Keeping A & B in mind please feel free to march forward with your discussions but, the most important thing to remember, is point A. Telling people there is plenty of bandwidth has LITTLE IF ANYTHING to do with throttling as far as I can tell. I watched 3 hearing on CSPAN and not one rep from the big three telecoms mentioned BANDWIDTH as a reason, but I did hear 18 engineers talk about routers, MTU initiated fragments, and total packets per second capacities on core routers, and I did keep count of bandwidth vs. latency.
Bandwidth Mentioned: 34 times
Latency: 400+ times (I ran out of chicken scratch space on the page and gave up...)
Now I admit I did doze off after 30 minutes of an engineer trying to explain to a senate committee the difference between TCP and UDP but I am human after all.
Now certainly there is some complexity in latency and bandwidth in how they are related and from what I have heard fiber does take care of a lot of the latency issues (signal to noise ratio seemed to be a big talking point from some AT&T engiee who looked like Dracula) so feel free to toss that into the discussions.
But seriously, this whole filtering stuff has nothing to do with bandwith, so please, please, please, stop with the bad 3rd party reporting.
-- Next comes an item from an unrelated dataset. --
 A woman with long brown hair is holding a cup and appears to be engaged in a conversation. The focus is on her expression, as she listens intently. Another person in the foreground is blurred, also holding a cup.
We have already seen on /. that the ISPs aren't hurting for bandwidth.
Getting accurate information from the mainstream press on Internet filtering is like asking a caveman to fix your car... all he's gonna do is smash it with a rock.
-=[ Who Is John Galt? ]=-
No, it's not. But it could be a defense with the FCC/Congress or other regulatory agencies. Just wait until some Congresscritter can't VPN back into his office because of a policy like this -- that's when attention will start being paid to these issues.
Kind of like how nobody in power gave a shit about the Gestapo^WTSA until some Congressman/Senator had to take HIS shoes off or found HIMSELF on the no fly list.
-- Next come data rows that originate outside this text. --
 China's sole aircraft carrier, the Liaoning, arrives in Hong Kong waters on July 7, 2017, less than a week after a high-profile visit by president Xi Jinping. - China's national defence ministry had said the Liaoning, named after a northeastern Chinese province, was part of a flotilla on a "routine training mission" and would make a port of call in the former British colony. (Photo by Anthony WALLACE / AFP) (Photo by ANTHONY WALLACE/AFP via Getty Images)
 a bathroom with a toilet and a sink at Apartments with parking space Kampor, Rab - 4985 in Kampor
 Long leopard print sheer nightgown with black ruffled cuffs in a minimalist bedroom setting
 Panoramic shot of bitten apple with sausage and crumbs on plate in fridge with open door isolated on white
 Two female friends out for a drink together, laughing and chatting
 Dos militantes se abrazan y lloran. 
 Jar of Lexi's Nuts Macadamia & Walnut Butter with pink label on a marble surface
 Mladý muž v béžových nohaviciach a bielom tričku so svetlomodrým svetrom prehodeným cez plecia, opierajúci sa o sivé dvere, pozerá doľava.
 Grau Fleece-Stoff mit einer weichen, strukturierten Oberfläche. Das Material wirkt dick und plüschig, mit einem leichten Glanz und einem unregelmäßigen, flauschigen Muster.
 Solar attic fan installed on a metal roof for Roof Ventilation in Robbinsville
I want peace on earth and goodwill toward man.
We are the United States Government! We don't do that sort of thing.
The ultimate solution would be to ban last-mile owners from providing any services at all. No voice, no video, no data. They exist to provide copper and/or fiber to subscriber premises, and to operate central offices as colocation facilities. That's all. Nothing else.
Then, anyone who wants to provide services, simply colocates their head end equipment at the central offices in areas where they wish to provide service. At that point it doesn't matter whether they're offering video, voice, data, local or long distance, Internet or private lines, it just doesn't matter because the central office is shared between as many providers as will fit in the building.
We need to separate the last mile land-use monopoly from the services being provided. There should be no such thing as an ILEC.
Tired of FB/Google censorship? Visit UNCENSORED!
Huh, that's funny. My understanding, from talking with many people who work for a certain (unnamed) ISP, the biggest problem is streaming media, not bittorrent, and as such most users would NOT find metered internet to be cheaper at all.